• PROBLEM REQUIREMENTS: In the records below, repeat word for word only the lines starting at the one that contains "Alberti Hotel 3*" and ending at the one that contains "Anillo Trilogía Esmeralda", pictures excluded.

• ENTRIES PROVIDED:
....
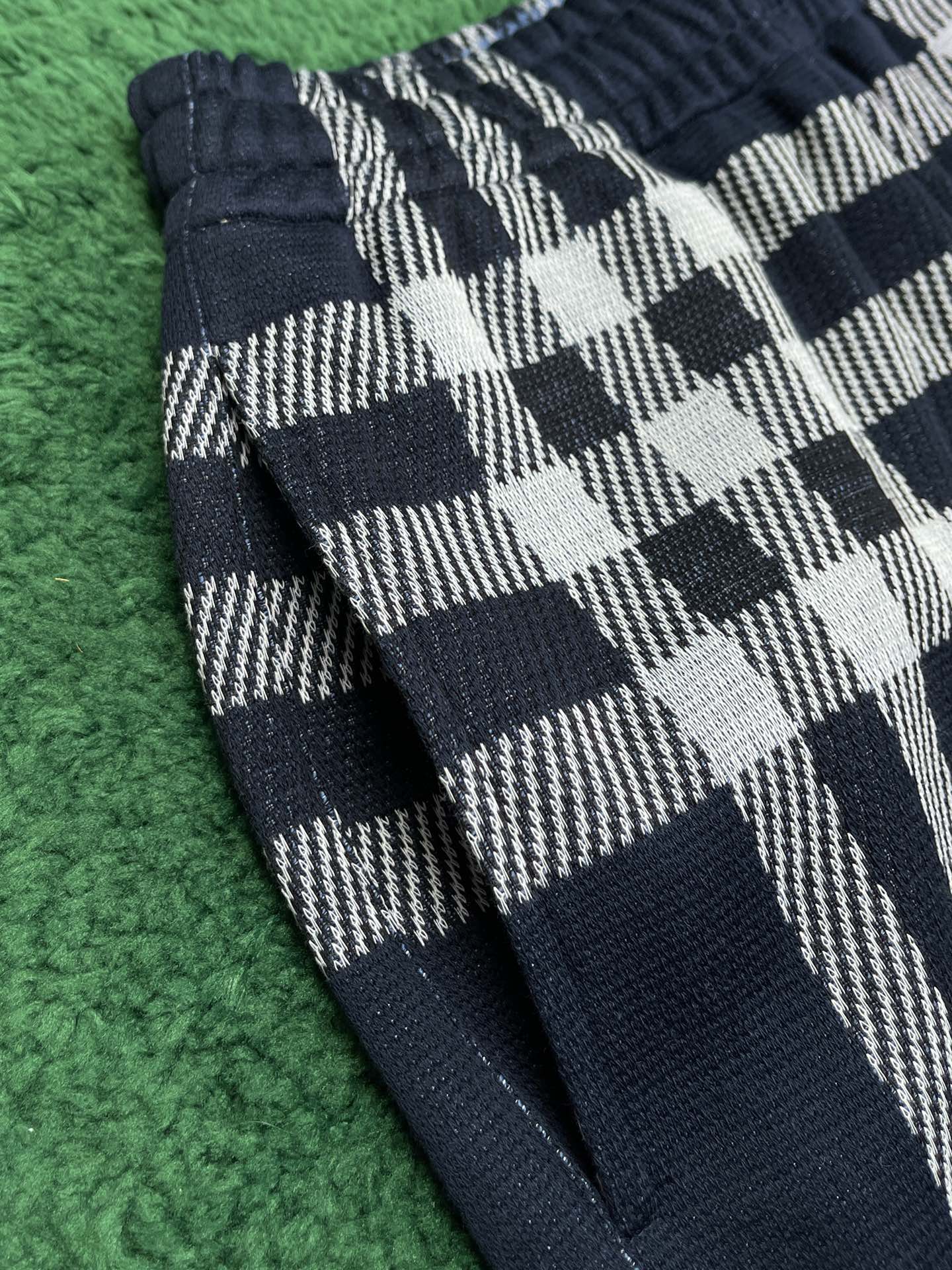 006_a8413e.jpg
....
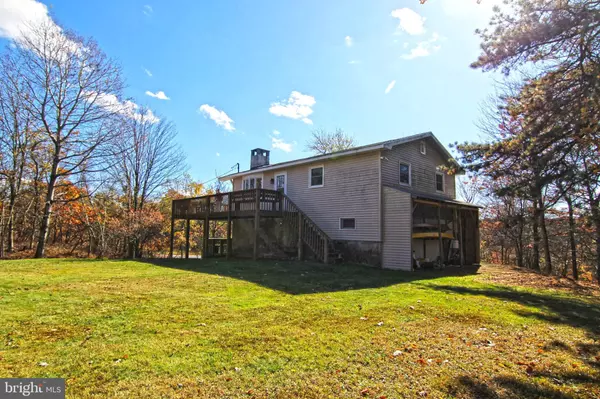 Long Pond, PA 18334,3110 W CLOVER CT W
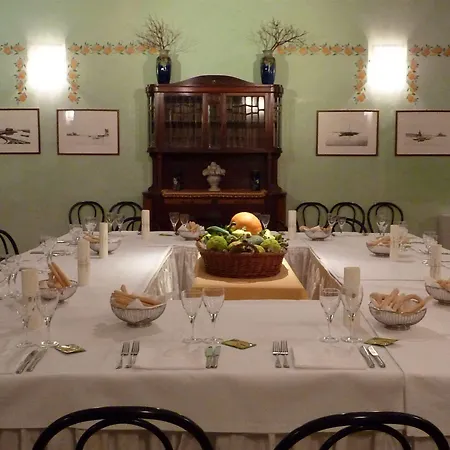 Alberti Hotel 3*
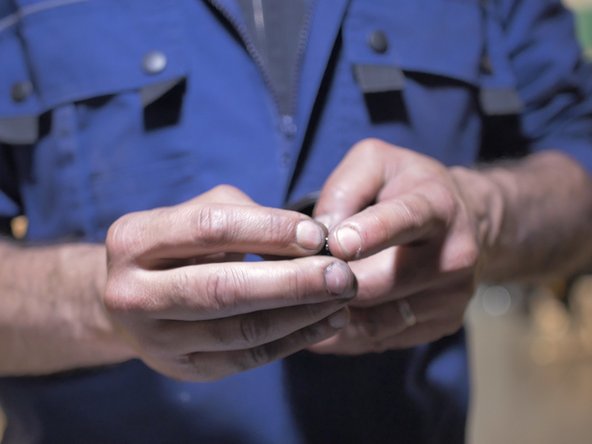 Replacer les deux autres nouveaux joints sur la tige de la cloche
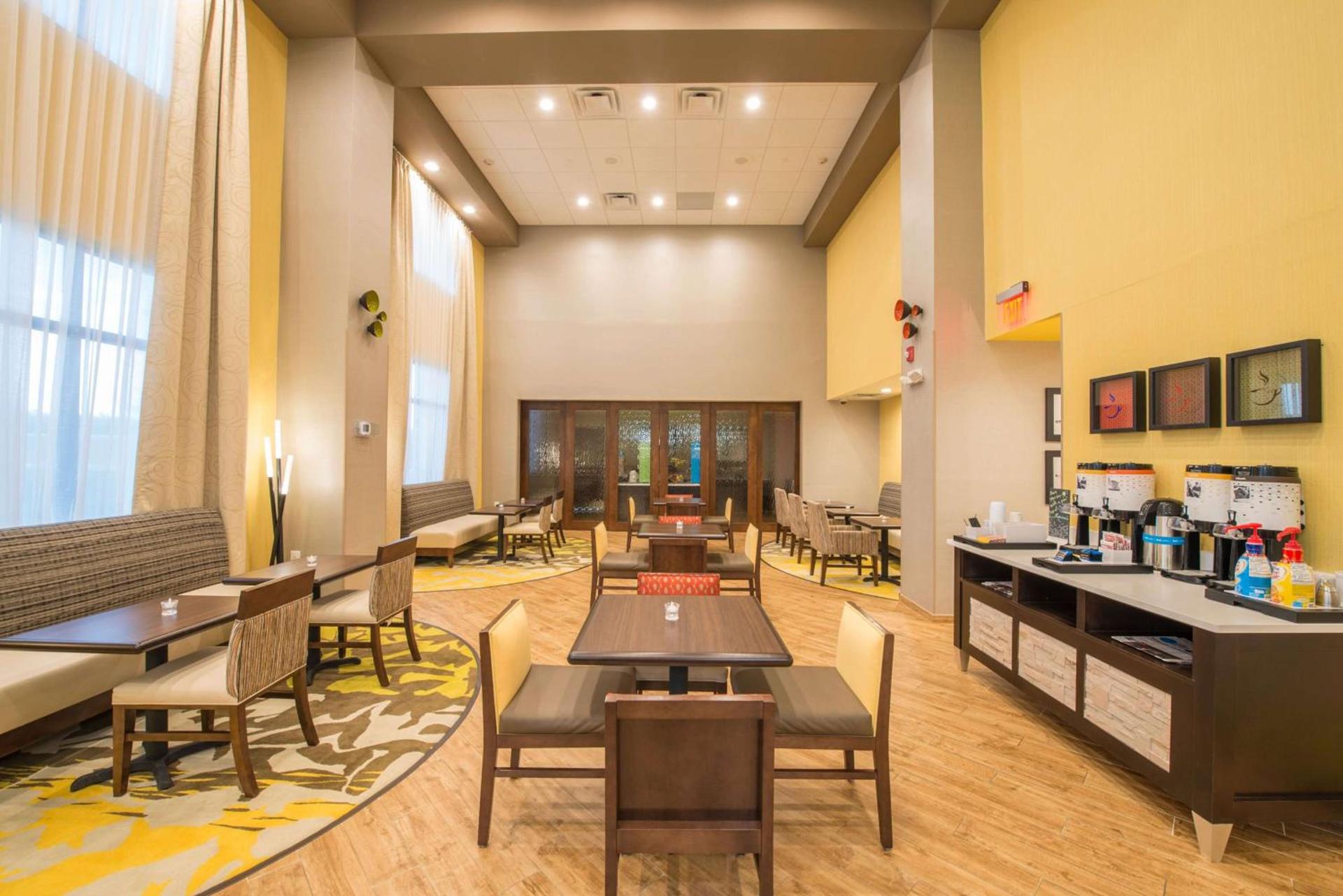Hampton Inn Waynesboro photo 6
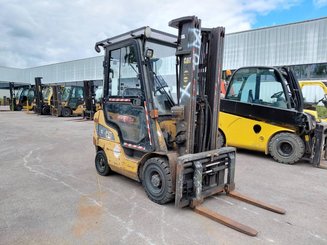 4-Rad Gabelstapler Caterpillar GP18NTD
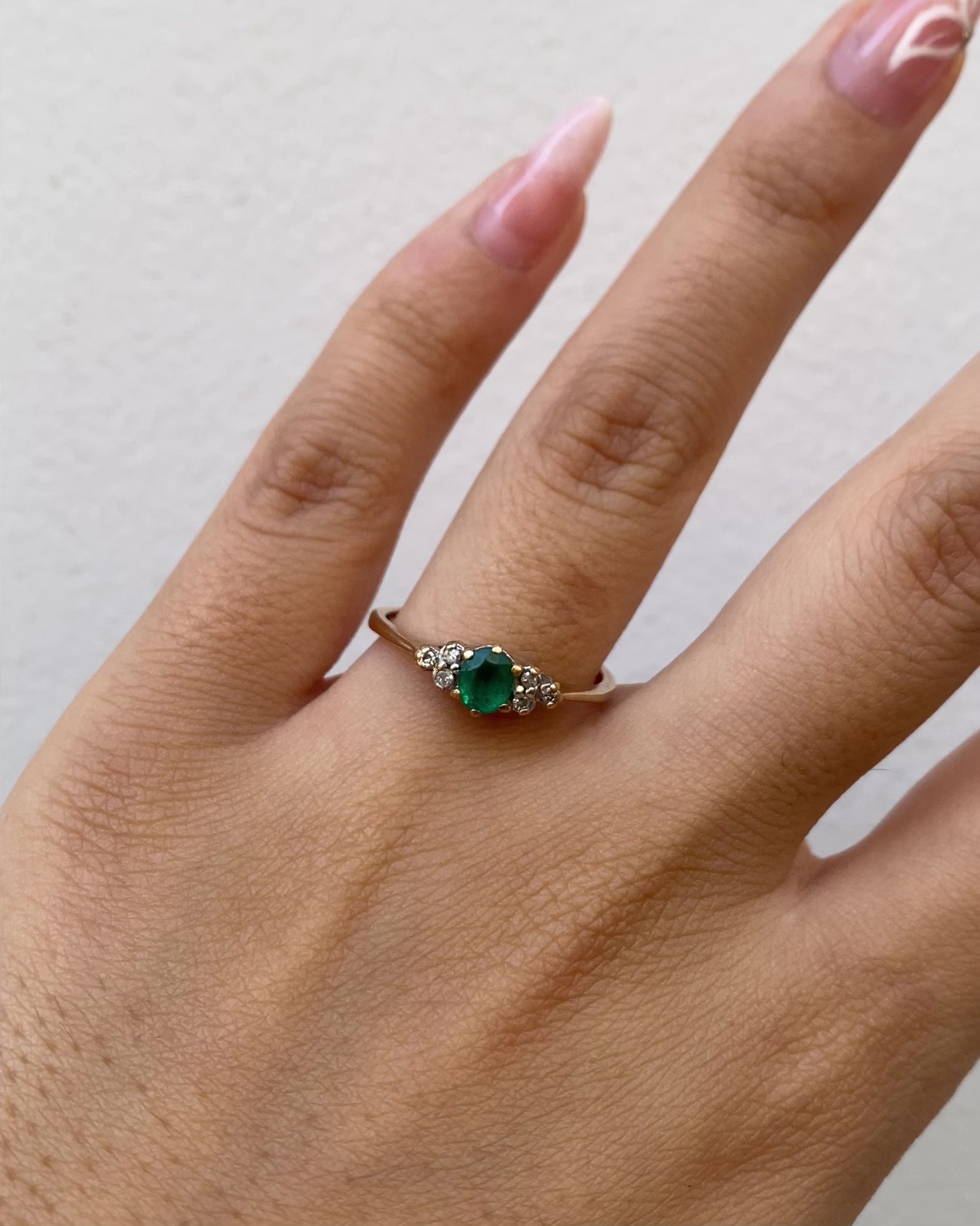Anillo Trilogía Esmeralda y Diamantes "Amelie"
....
• RESULT OF THIS EXERCISE:
 Alberti Hotel 3*
 Replacer les deux autres nouveaux joints sur la tige de la cloche
Hampton Inn Waynesboro photo 6
 4-Rad Gabelstapler Caterpillar GP18NTD
Anillo Trilogía Esmeralda y Diamantes "Amelie"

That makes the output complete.